EXERCISE INPUT -
────────────────

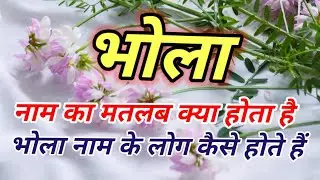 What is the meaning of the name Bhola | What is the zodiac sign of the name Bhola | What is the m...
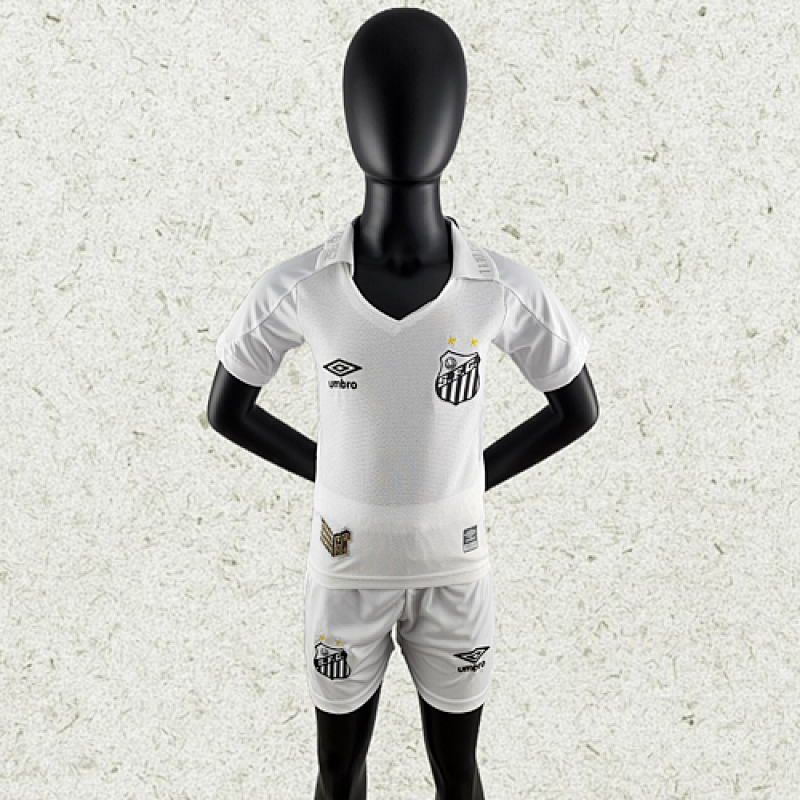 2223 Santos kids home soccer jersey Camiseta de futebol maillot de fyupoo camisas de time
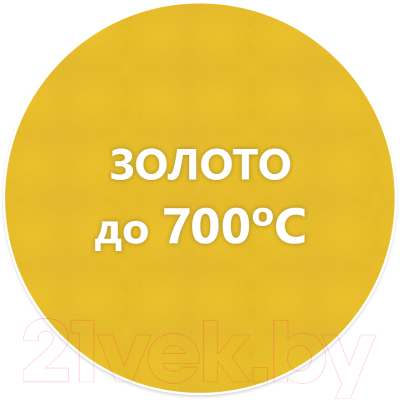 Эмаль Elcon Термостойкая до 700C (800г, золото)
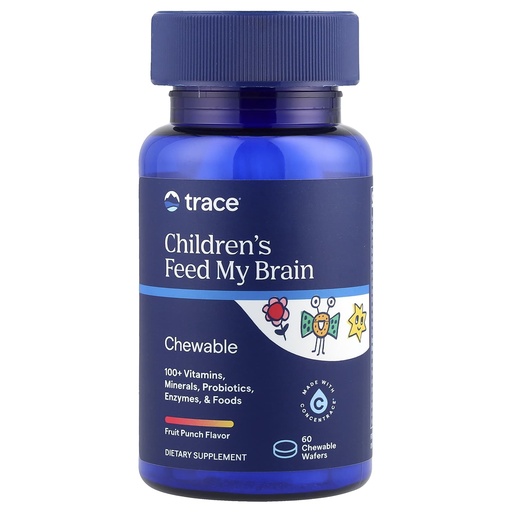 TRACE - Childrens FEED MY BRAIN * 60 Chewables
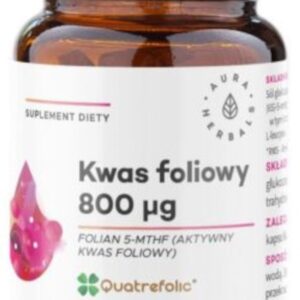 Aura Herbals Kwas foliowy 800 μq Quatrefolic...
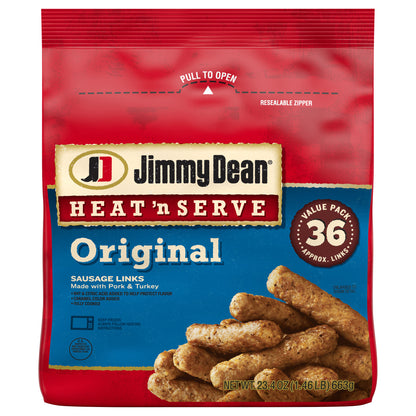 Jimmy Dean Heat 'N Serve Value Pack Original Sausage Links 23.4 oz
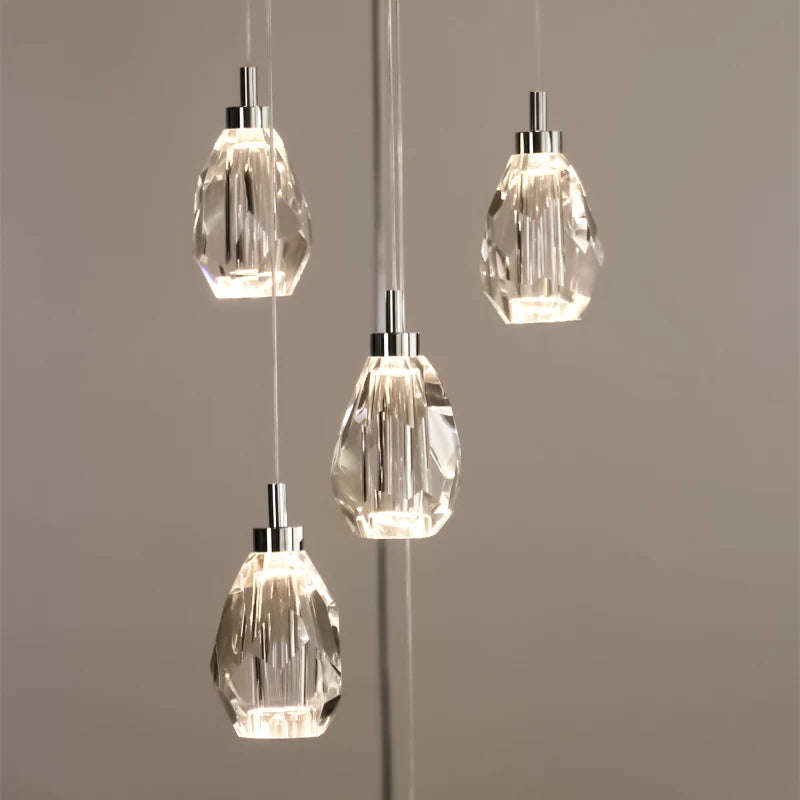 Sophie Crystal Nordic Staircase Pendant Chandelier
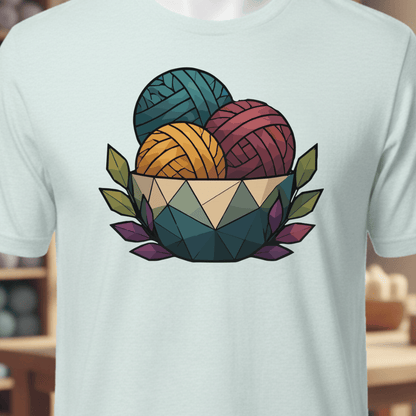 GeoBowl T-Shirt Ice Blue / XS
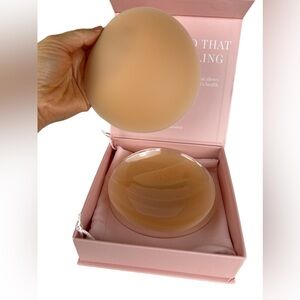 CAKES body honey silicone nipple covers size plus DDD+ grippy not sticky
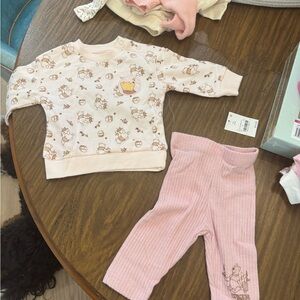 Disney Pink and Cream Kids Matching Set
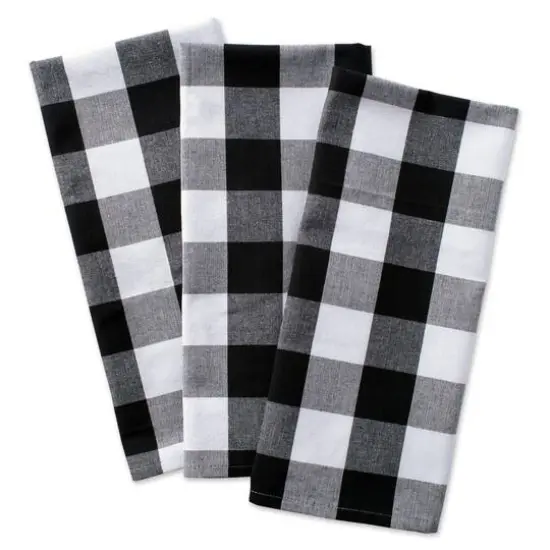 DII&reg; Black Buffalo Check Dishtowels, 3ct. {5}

────────────────

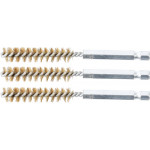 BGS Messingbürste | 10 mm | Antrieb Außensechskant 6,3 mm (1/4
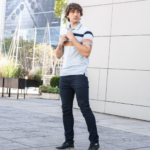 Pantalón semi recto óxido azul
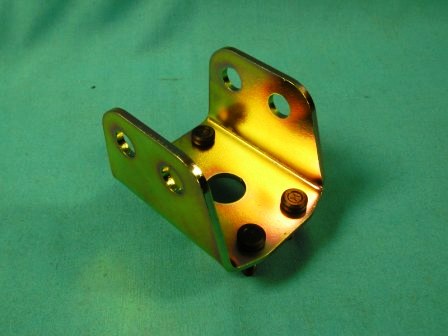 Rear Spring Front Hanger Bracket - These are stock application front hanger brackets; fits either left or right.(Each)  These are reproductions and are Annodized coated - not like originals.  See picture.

────────────────

TASK GOAL - Would you set down only the lines above from the line with "GeoBowl T-Shirt Ice Blue / XS" to the line with "DII&reg; Black Buffalo", both included, exactly as they stand and without the pictures?

REPLY -
 GeoBowl T-Shirt Ice Blue / XS
 CAKES body honey silicone nipple covers size plus DDD+ grippy not sticky
 Disney Pink and Cream Kids Matching Set
 DII&reg; Black Buffalo Check Dishtowels, 3ct. {5}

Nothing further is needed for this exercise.